------ Data section
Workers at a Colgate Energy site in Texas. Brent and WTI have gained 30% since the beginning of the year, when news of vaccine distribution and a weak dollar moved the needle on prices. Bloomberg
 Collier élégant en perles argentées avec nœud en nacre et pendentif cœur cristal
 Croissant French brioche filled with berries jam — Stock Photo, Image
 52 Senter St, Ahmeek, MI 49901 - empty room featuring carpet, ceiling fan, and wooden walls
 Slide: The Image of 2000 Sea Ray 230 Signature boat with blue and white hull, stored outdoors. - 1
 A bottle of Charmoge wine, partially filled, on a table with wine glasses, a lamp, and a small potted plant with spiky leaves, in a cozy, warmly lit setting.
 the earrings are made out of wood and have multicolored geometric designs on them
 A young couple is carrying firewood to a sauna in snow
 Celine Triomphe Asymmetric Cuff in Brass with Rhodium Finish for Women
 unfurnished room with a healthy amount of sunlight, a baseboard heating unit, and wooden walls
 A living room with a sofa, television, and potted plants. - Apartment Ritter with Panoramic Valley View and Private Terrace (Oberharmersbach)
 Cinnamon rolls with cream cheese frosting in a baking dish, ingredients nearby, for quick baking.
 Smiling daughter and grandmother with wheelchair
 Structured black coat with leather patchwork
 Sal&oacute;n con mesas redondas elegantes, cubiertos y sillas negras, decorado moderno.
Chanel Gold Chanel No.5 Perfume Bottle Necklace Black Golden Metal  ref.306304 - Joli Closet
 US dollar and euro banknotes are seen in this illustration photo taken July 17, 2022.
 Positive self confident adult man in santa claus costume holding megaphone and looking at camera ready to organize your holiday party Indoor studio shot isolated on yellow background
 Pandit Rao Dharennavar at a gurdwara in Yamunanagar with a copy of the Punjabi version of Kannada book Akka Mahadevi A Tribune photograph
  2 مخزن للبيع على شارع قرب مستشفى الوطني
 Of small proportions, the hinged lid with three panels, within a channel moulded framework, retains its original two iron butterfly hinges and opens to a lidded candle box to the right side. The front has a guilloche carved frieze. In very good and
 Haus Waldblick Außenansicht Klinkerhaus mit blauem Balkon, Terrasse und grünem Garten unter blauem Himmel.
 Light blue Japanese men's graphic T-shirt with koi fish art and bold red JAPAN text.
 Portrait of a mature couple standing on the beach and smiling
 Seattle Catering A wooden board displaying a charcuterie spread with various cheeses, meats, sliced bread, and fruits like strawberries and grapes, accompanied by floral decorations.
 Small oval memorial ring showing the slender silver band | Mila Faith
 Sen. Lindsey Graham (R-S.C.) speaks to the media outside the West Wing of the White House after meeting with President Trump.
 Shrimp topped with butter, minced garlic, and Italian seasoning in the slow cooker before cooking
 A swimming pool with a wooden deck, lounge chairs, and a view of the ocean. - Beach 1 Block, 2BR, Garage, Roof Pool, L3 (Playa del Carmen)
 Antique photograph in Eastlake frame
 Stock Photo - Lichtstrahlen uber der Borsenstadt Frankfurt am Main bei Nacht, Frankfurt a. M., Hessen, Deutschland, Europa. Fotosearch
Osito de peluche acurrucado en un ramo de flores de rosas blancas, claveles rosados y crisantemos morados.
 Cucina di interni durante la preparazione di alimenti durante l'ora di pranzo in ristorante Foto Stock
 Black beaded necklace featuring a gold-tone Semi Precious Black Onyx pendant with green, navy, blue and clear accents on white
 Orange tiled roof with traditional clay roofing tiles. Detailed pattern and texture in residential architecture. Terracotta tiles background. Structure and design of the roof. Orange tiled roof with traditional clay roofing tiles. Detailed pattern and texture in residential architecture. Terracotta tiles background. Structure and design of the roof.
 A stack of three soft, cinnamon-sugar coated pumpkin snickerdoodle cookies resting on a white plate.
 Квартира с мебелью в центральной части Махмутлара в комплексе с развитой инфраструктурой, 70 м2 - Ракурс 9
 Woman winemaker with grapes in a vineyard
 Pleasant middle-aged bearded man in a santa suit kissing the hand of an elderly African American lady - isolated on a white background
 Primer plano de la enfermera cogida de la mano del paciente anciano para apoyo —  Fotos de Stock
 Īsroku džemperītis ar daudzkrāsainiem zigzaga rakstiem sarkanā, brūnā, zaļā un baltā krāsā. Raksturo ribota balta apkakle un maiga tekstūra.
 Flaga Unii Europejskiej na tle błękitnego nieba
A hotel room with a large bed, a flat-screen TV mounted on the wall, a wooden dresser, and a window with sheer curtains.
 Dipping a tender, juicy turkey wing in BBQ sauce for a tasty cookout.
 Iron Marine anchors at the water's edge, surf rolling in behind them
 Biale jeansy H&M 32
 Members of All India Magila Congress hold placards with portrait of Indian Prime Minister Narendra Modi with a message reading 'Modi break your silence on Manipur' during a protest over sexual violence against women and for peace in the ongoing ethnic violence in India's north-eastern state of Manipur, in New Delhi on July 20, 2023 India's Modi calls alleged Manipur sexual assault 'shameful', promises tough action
------------
◆ **Instructions to follow**:
Locate the lines above that hold the word "Stock". Show every one of them.

◆ **Solution for this exercise**:
 Croissant French brioche filled with berries jam — Stock Photo, Image
 Stock Photo - Lichtstrahlen uber der Borsenstadt Frankfurt am Main bei Nacht, Frankfurt a. M., Hessen, Deutschland, Europa. Fotosearch
 Cucina di interni durante la preparazione di alimenti durante l'ora di pranzo in ristorante Foto Stock
 Primer plano de la enfermera cogida de la mano del paciente anciano para apoyo —  Fotos de Stock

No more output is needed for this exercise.